*PROBLEM:*
When you copy the data, keep every word exactly as it is and leave the pictures out.

*LISTED RECORDS:*

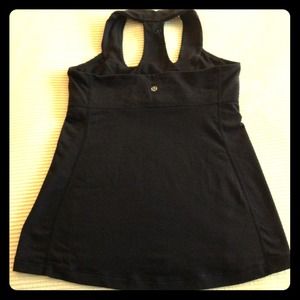 Lululemon scoop neck tank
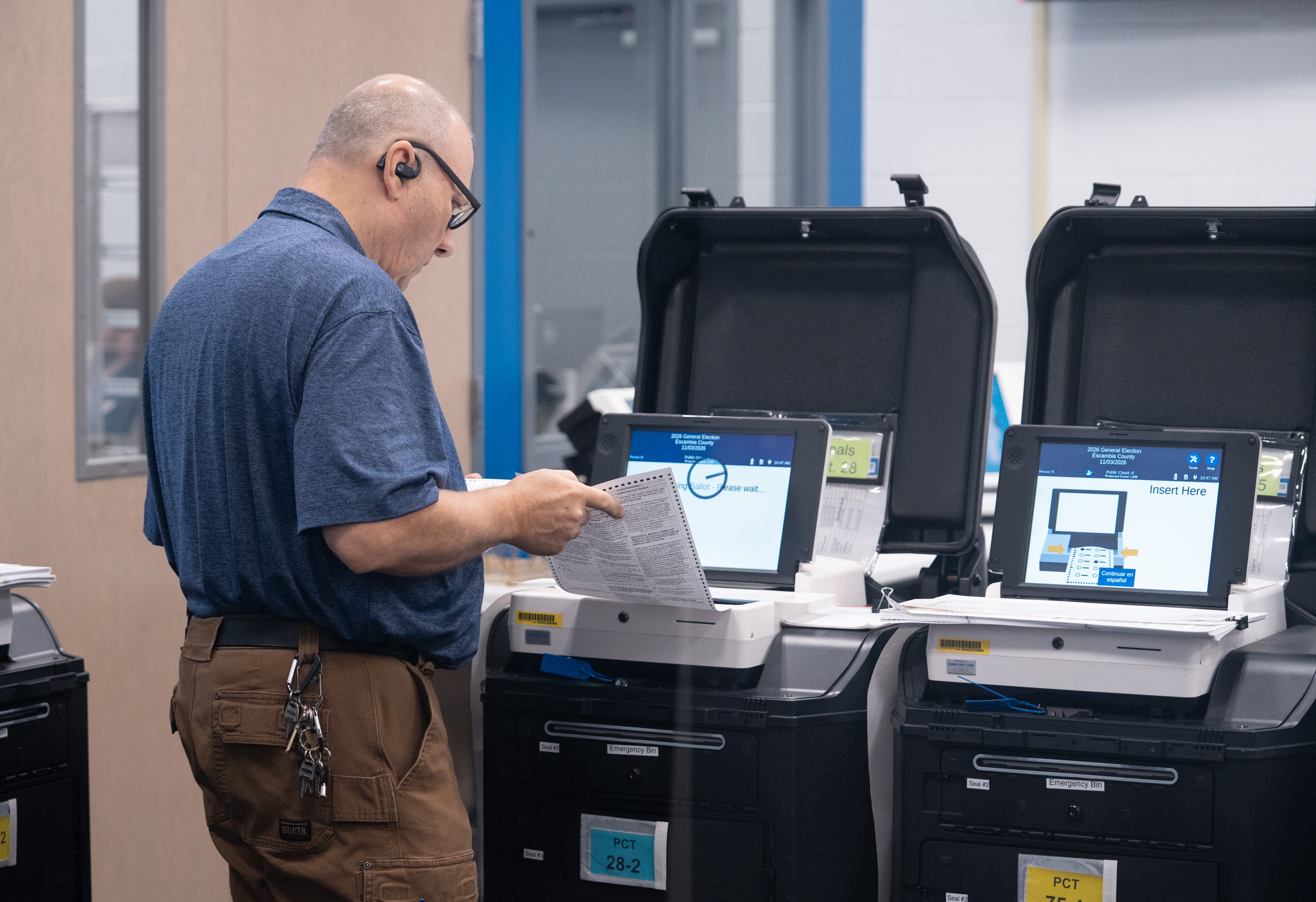 Florida voters report touch-screen issues. How to check your ballot - AOL
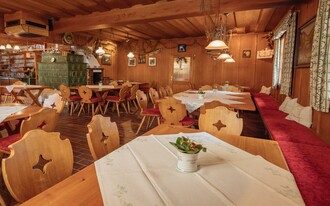 Fischerhütte Toplitzsee, Grundlsee, Gaststube | © Andreas Syen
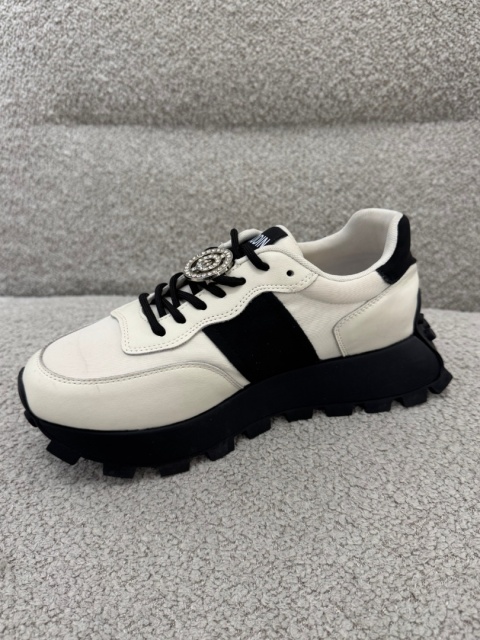 Sneakersy Biało-Czarne ze skóry naturalnej GD-XF-112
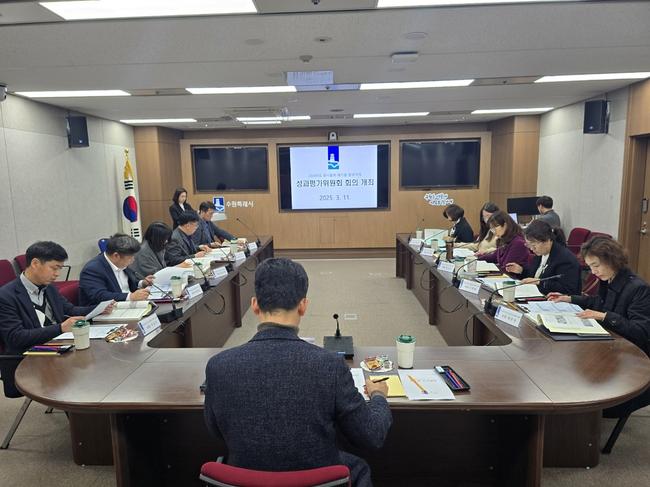 수원시는 11일 시청 영상회의실에서 `2024년도 음식물류 폐기물 발생억제 성과평가위원회`를 열었다.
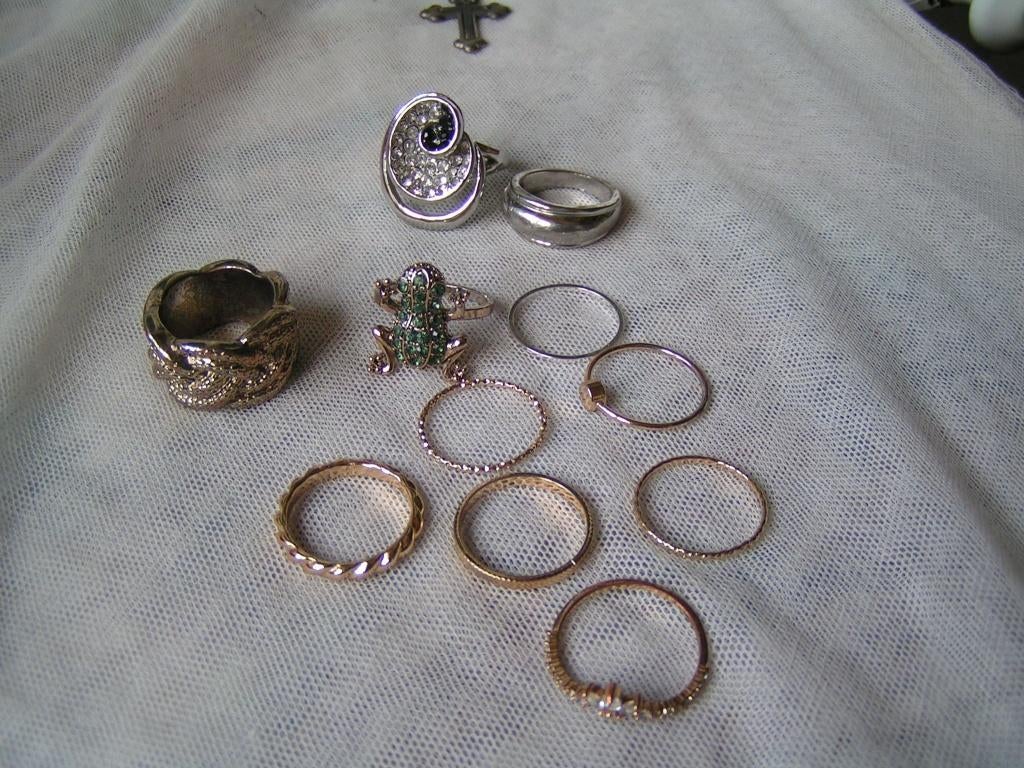 11 ringen nr XX 404, Verzenden, 17 tot 18, Dame, Zilver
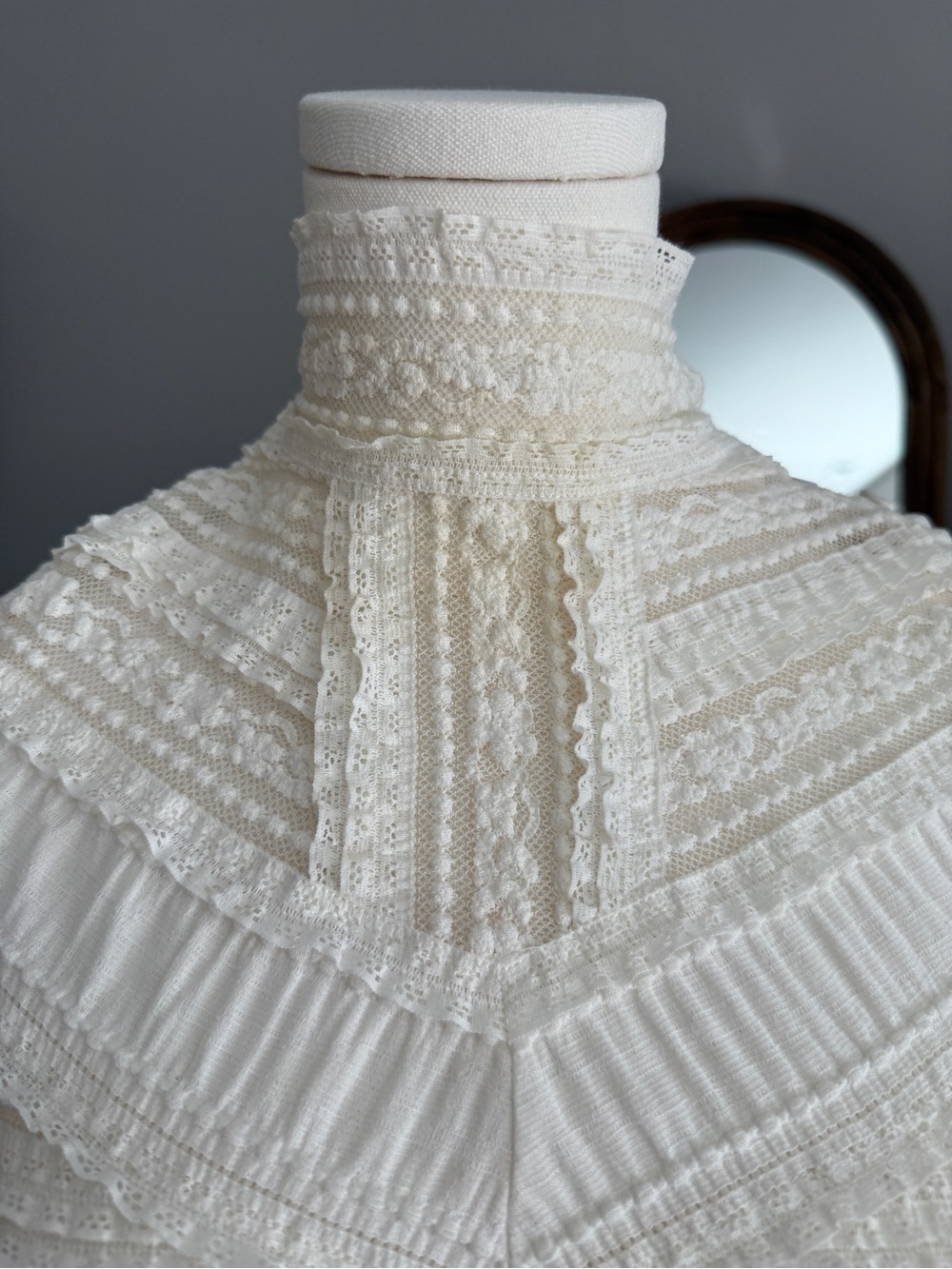 Cinq à Sept Ivory Solene Lace Cold Shoulder Mock Neck Top Size S Cotton Blend - Picture 5 of 11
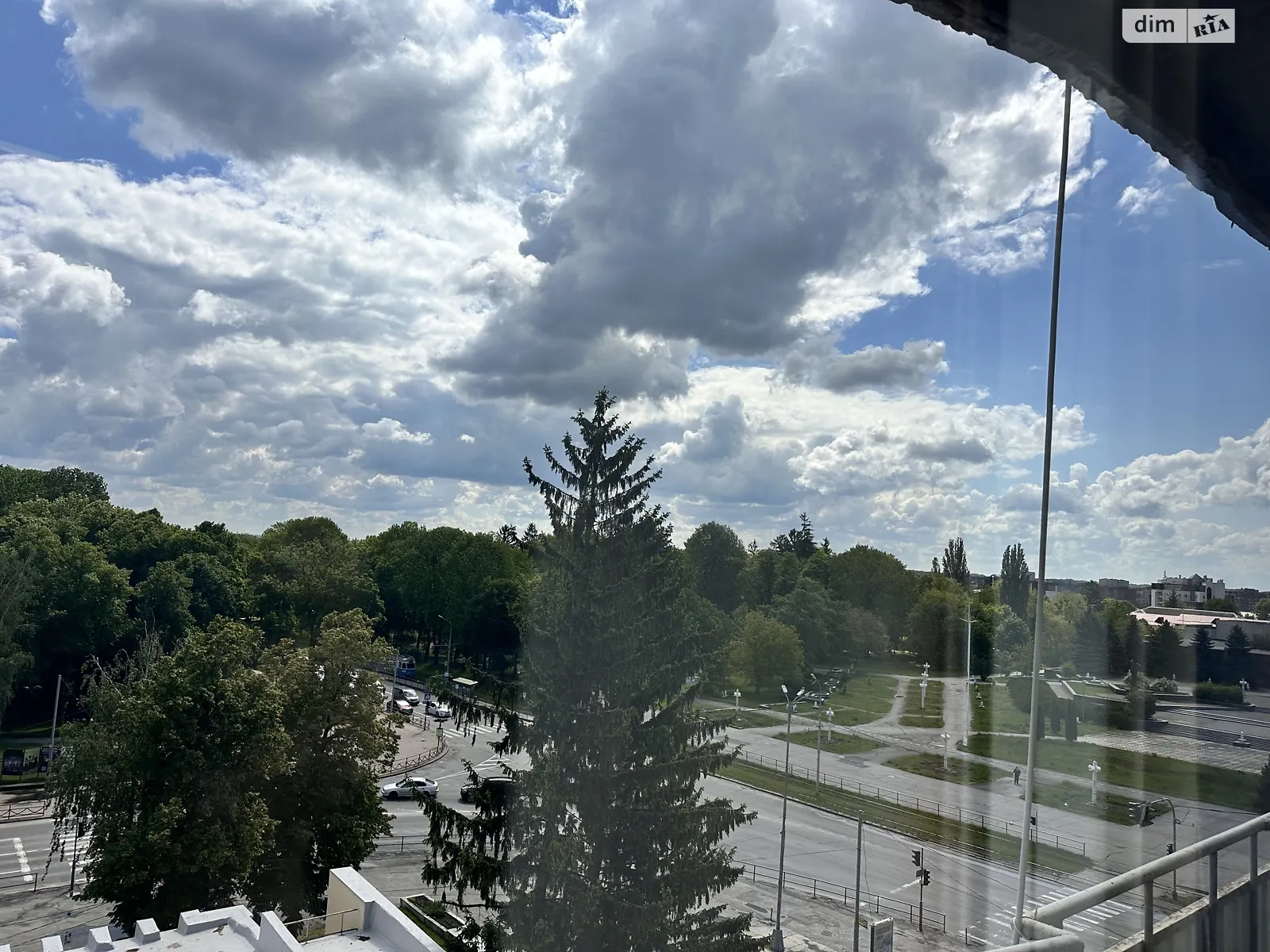 Сдается в аренду офис 11.3 кв. м в бизнес-центре, цена: 5424 грн - фото 1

*TASK OUTPUT:*
 Lululemon scoop neck tank
 Florida voters report touch-screen issues. How to check your ballot - AOL
 Fischerhütte Toplitzsee, Grundlsee, Gaststube | © Andreas Syen
 Sneakersy Biało-Czarne ze skóry naturalnej GD-XF-112
 수원시는 11일 시청 영상회의실에서 `2024년도 음식물류 폐기물 발생억제 성과평가위원회`를 열었다.
 11 ringen nr XX 404, Verzenden, 17 tot 18, Dame, Zilver
 Cinq à Sept Ivory Solene Lace Cold Shoulder Mock Neck Top Size S Cotton Blend - Picture 5 of 11
 Сдается в аренду офис 11.3 кв. м в бизнес-центре, цена: 5424 грн - фото 1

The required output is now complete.